Los labios secos volvieron a hablar.

– Entonces, es usted muy afortunada. Continúe.

– Me encontré con una dolorosa sensación de tensión existente entre Mr. y Mrs. Geoffrey, y entre Miss Meriel y todos los demás miembros de la casa. A nadie le gustaban los demás, ni era querido por los demás. Anoche, Meriel se encontró con una muerte trágica y resulta difícil no llegar a la conclusión de que fue asesinada porque sabía demasiadas cosas sobre la muerte de Mabel Preston. Sabemos que hubo por lo menos cuatro personas que escucharon a Meeson decir que aquel trozo de su vestido había sido encontrado junto al estanque. Sabemos que ese trozo indica que ella estuvo en las cercanías del estanque, aproximadamente a la misma hora en que Mabel Preston fue ahogada. Cualquiera de esas cuatro personas podría haber comentado lo que escucharon. Si esa información llegó a oídos del asesino, debió producirse una reacción instantánea y peligrosa. La persona que pudiera haber sido vista en el estanque aquel sábado por la noche, se encontraba en inminente peligro. Sólo una acción inmediata podía impedir su descubrimiento.
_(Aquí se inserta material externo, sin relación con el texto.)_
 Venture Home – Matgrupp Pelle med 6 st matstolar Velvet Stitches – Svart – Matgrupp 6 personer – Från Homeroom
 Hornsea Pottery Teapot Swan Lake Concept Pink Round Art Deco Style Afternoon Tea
Y yo creo que se emprendió entonces la acción.

– Sí -dijo Adriana.

Fue simplemente una palabra, surgiendo de las profundidades de su garganta.

Se produjo un silencio en la habitación. Cuando ya duraba algún tiempo, Miss Silver dijo, en tono reflexivo:

– Además de las cuatro personas que escucharon lo que Meeson dijo sobre la presencia de Miss Meriel en el estanque, hay otros tres nombres más que quizá deban ser mencionados.

– ¿Qué nombres?

– El mío para empezar. Me gustaría aprovechar esta oportunidad para asegurarle que no hablé de la cuestión con nadie. ¿Puede decir lo mismo usted?

La mano de Adriana se alzó de su rodilla, y volvió a caer.

– Yo no hablé del asunto -después, tres una breve pausa, añadió-: Dijo usted tres nombres.

Miss Silver la estuvo observando atentamente.

– Estaba pensando en Meeson.

Vio cómo Adriana se removía y enrojecía. Habló con enojo y énfasis.

– ¡Oh, no! ¡Meeson no!

– Ella lo sabía.

– He dicho que Neeson no.

– Ha comentado usted antes que a Mrs. Geoffrey le gustaría abandonar la Casa Ford. ¿Cree que es la única en pensar así? ¿Le gusta a Meeson vivir en el campo?

– ¡En qué está pensando! -y Adriana se echó a reír brevemente-. ¡Lo detesta! Ella es de Londres. No es una zona residencial lo que busca, sino algo mejor. Siempre está encima de mí, diciéndome que abandonemos este lugar y tomemos un piso donde vivíamos antes.

– ¿Sabe ella que le ha dejado algo en su testamento?

– Meeson lo sabe casi todo sobre mí. Y no va usted a hacerme creer que ha sido Ger- tie Meeson la que ha estado representando comedias para conseguir lo que yo le he dejado. ¡Nunca me hará creer nada de eso!

– Así es que, por lo menos, hay una persona de la que usted se siente muy segura.

Adriana se levantó.

– ¡Oh, sí! Estoy segura de Gertie -afirmó.